By early 1886, the C&E was once again narrow gauge. The railroad was sold to a representative of the Cincinnati, Hamilton & Dayton (CH&D) on September 1, however, it defaulted on payments and the railroad was resold on January 5, 1887, to H.B. Morehead who formed the Ohio & Northwestern Railroad (O&NW). Separately, the New Richmond branch was sold to William P. DeVou on September 1, 1886, who reorganized it as the Cincinnati, New Richmond & Ohio River Railroad (CNR&OR). DeVou planned to extend the CNR&OR east to Aberdeen but the line had ceased operations by July 1889.
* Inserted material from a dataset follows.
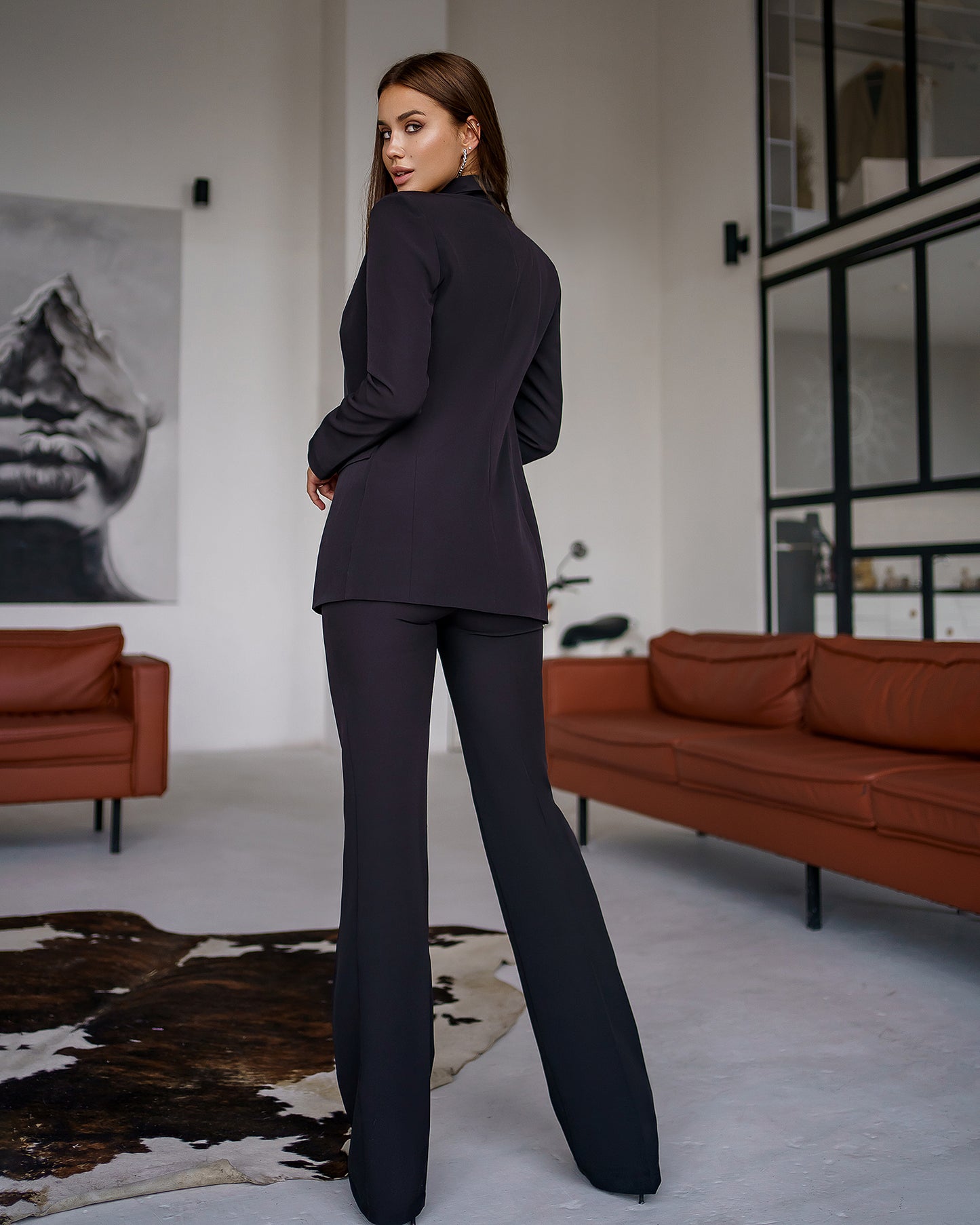 trinarosh Black Classic 3-Piece Suit With Flared Trousers And Vest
The O&NW moved immediately to standard gauge the ex-C&E mainline between Cincinnati to Portsmouth which was completed by November 1887. The O&NW then shifted its western terminus from the Cincinnati Northern depot to the Little Miami Railroad depot. Like its predecessors, the O&NW became insolvent and went into receivership on June 15, 1888. Under receivership, the O&NW completed 5 mi of its long-awaited Gallipolis extension between Portsmouth and Sciotoville in February 1889. The O&NW was sold on March 13, 1890, and reorganized as the Cincinnati, Portsmouth & Virginia Railroad (CP&V) on June 24, 1891.The Norfolk and Western Railway merged with the CP&V in October 1901, and the Cincinnati to Portsmouth segment becoming the N&W Cincinnati Division with the nickname of the Peavine.
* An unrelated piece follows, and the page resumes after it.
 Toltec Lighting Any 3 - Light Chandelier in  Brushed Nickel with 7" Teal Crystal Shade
==Subsequent history to current day==
The Scioto River crossing at Vera Junction was replaced with new multi-span truss bridges fabricated by the American Bridge Company in 1913. The mainline between was realigned in 1947 when a quarry opened along Plum Run required the line to be rerouted, which included the erection of a new trestle above Cedar Fork and the laying of several miles (km) of new track. The quarry became the primary source of ballast for the N&W and added a significant amount of traffic to the Portsmouth Branch until the mid-1980s. By the early 2000s, the bridge at Vera Junction had deteriorated and required expensive repairs, so, Norfolk Southern railbanked the Peavine between Peebles and Vera Junction in 2003. On March 21, 2014, the CCET, a subsidiary of Frontier Rail operating under the trade name Cincinnati East Terminal Railway (CCET) filed with the Surface Transportation Board (STB) to lease and operate the Portsmouth Branch between Clare (Mariemont) and Williamsburg. CCET took over operations on April 27.

In late 2016, the CCET renamed itself the Cincinnati Eastern Railroad and filed with the STB to lease and operate more of the Portsmouth Branch between Williamsburg and Plum Run east of Peebles for the storage of cars. The railroad filed with the STB to extend the lease with the goal of restarting railroad operations at the Plum Run quarry in 2019. Regional Rail, LLC acquired the Cincinnati Eastern Railroad in 2024.